Hâlbuki Müslümanlar için ortada bir sorun yoktur. Bizler Müslüman olarak insanın “en iyi şekilde” yaratıldığına inanıyoruz.

  • Bizler fıtrat üzereyiz ve Allah, yaratanların en güzelidir.İşte bu yüzden, eskiden feministlerin söylemiş olduklarını bir kenara bırakıp, Allah’tan korkan bir toplumda kadın ile erkeğin farklı iş ve aktivitelerle meşgul olacağını söylüyoruz. Her şeyden önce bizim hedefimiz kimsenin tavuğuna kışt demek değil, insanların saadetidir. Kur’an-ı Kerim’in, sünnetin, siyerin ve Müslümanların sosyal tarihlerinin tekrar eden örüntülerine eşitlikçi bir şablon yerleştirmeye çalışmak bunları büyük ölçüde küçümsemek anlamına gelmektedir. Kur’an-ı Kerim “Veleyse’z-zekeru ke’l-ünsa” demektedir: Erkekler, kadınlar gibi değildirler. Eşitlikçilik indirgemeciliktir ve doğurganlığı/bereketliliği sadece üreme anlamında değil, çok daha fazla alanda görülen türümüzün ikili yapısını zayıflatmaktadır.
  • Bu yüzden, vahiy yoluyla bildirilen ve yeni bilim tarafından da teyit edilmiş olan şeriat yasalarımızın, kadınların haysiyetini ve kıymetini seküler anlayışın yapabileceğinden çok daha güvenilir bir şekilde muhafaza ettiğini vurguluyoruz. İnsanın kıymetini güç, statü kazanması ve cinsel açıdan verimlilik bağlamında ölçen materyalist dünya görüşü hiç kuşkusuz erkekleri yüceltecektir. Ana rahmine düştükleri andan beri androjen tarafından koşullanan erkekler, bu yüzden kendilerine çok güvenirler.

Bilimsel gerçekler popüler kültüre sızdığından ve eski tip feminizm artık geçerliliğini yitirdiğinden, erkekler tarihte hiç olmadığı kadar yüceltilecektir. Uzun dönemde materyalist toplumlar, eril özellikleri kayıracak ve önünde saygı ile eğilecektir.

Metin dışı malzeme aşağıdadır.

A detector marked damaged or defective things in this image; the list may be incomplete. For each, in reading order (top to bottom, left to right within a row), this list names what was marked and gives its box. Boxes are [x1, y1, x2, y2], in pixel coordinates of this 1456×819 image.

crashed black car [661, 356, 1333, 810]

Daha kısa dönemde kadınlar, modernitenin etkisiyle erkeklerin önüne geçiyor gibi görünebilirler. Adam Smith’in kapitalist mantığı esrarengiz şekilde yok olmadığı takdirde, gelecek androjene aittir.

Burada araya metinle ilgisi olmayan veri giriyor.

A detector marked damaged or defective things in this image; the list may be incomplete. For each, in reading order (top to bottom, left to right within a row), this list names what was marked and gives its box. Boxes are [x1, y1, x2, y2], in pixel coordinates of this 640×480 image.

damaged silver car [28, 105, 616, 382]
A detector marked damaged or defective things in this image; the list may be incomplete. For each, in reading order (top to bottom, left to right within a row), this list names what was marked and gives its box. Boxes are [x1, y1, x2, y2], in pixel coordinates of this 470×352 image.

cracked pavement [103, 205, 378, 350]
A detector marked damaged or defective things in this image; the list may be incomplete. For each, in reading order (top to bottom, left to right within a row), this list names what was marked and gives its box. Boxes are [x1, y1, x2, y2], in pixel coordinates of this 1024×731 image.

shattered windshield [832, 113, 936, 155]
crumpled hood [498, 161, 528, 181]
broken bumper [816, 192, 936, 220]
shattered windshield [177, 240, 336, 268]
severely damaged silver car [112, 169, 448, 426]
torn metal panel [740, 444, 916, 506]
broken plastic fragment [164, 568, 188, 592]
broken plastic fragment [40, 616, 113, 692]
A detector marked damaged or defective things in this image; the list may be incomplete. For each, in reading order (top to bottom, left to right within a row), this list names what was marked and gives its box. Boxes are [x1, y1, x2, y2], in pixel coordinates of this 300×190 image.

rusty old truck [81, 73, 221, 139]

  • Müslümanlar olarak bizler ise bu türden bir kayırmacılığı reddediyoruz. Fıtratı göz önüne aldığımız zaman şeriatın bazı yönlerinin erkekleri fonksiyonel, materyal anlamda ön plana çıkarması kaçınılmazdır. Bizim dinimiz mutlak adalet dinidir. Ancak biz, insanın değerinin fonksiyon, güç, statü ya da tüketimle bağlantılı olarak belirlenmesine karşı çıktığımız için dinî bağlamın dışında asla gerçekleşemeyecek şekilde kadının değeri üzerine ısrarla duruyoruz. Çünkü bizler GQ gibi erkek dergilerinin sayfalarında tapınılan idoller için yaratılmadık. Erkeğin biyolojik avantajlarının olması, sekülerlerin argümanlarının varacağı nokta burası olsa da, bizler için asla erkeklerin üstün olduğu anlamına gelmemektedir. Bunu anlamanın anahtarı, Allah’ın 99 isminde gizlidir.

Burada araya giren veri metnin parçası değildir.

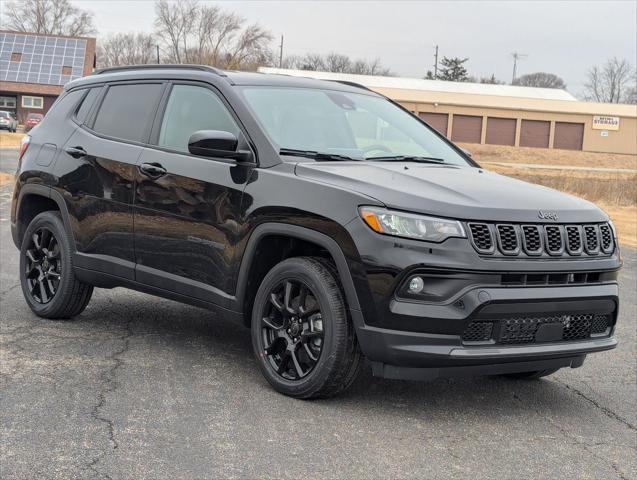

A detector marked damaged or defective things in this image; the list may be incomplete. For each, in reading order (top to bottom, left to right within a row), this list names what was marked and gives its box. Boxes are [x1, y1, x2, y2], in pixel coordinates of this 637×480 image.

cracked pavement [0, 172, 632, 476] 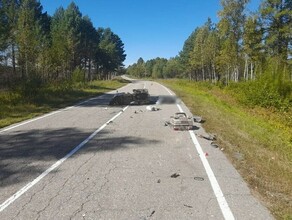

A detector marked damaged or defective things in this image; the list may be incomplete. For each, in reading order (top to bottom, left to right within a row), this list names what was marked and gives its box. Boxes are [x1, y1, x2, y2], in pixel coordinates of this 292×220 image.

damaged road surface [0, 80, 274, 219]
cracked asphalt [0, 80, 274, 219] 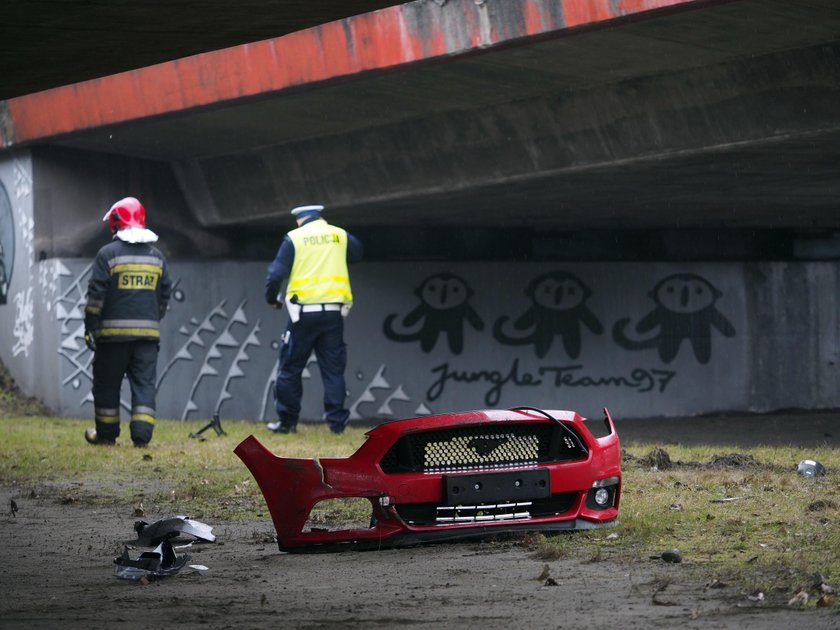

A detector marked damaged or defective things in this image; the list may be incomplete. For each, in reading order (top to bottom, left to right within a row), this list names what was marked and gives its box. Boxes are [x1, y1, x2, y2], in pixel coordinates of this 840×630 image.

broken car part [233, 410, 620, 552]
broken car part [135, 520, 217, 548]
broken car part [112, 540, 188, 584] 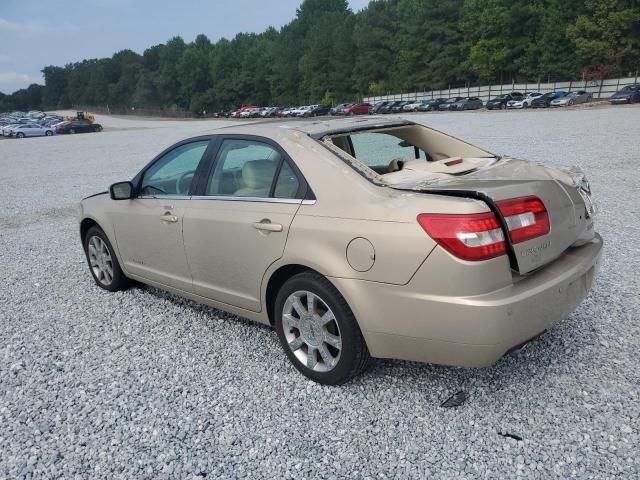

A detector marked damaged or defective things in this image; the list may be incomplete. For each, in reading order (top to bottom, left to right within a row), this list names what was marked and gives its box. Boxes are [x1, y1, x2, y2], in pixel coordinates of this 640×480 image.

crushed car roof [215, 116, 416, 139]
damaged sedan [79, 118, 600, 384]
parked damaged car [80, 118, 600, 384] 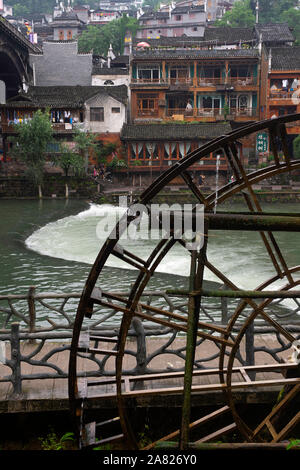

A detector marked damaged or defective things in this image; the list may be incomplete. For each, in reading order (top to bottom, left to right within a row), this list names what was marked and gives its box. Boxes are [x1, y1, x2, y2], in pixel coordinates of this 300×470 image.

rusty metal frame [68, 114, 300, 448] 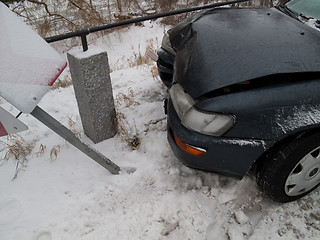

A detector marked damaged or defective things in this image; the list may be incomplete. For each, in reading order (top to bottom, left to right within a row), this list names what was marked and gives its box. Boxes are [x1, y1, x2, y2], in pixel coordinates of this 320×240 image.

crashed vehicle [157, 0, 320, 202]
damaged hood [171, 7, 320, 99] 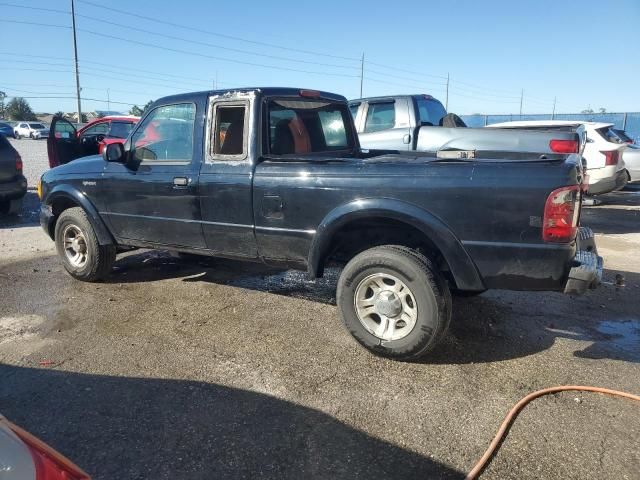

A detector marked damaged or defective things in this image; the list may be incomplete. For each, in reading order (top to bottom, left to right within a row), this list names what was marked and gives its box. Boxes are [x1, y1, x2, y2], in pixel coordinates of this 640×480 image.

damaged vehicle [38, 88, 600, 360]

Cinsiyet meselesi dinin hemen her alanına yayılmış durumdadır ve bu konu üzerinde daha pek çok şey yazılabilir. Bu makalede benim göstermek istediğim şey, şeriata karşı olmanın bilime karşı olmak olduğudur. Günümüzde bilim de cinsiyetler arasında farklılıklar olduğunu onaylamaktadır.

  • Bu farklılıklar, Allahu Teala’nın baskılamamızı istemediği, aksine bunları hoş karşılayıp o doğrultuda hareket etmemizi istediği farklılıklardır. Müslüman bir toplumun yapısı modern ve seküler Batı’nınkinden oldukça farklıdır ve bu bizim için ancak bir gurur vesilesi olmalıdır. Ancak yine de, Batı’yı ve dünyanın başka bölgelerinde Batılılaşan sınıfları ele geçiren yıkıcı toplumsal problemlerin cinsiyet ve toplumsal rolleri yeniden tanımlamak üzere yeni bilimle uzlaşacağını tahmin edebiliriz.

Uzun vadede tüm bunlar, Hz. Peygamber’in toplum emsalinin yüce bir hikmet ve rahmet içerdiği konusunda tüm eleştirileri bertaraf edecektir.

(* Abdülhakim Murad’ın Boys will be Boys makalesinden derlenerek Dilârâ Yabul İşleyen tarafından çevrilmiştir.)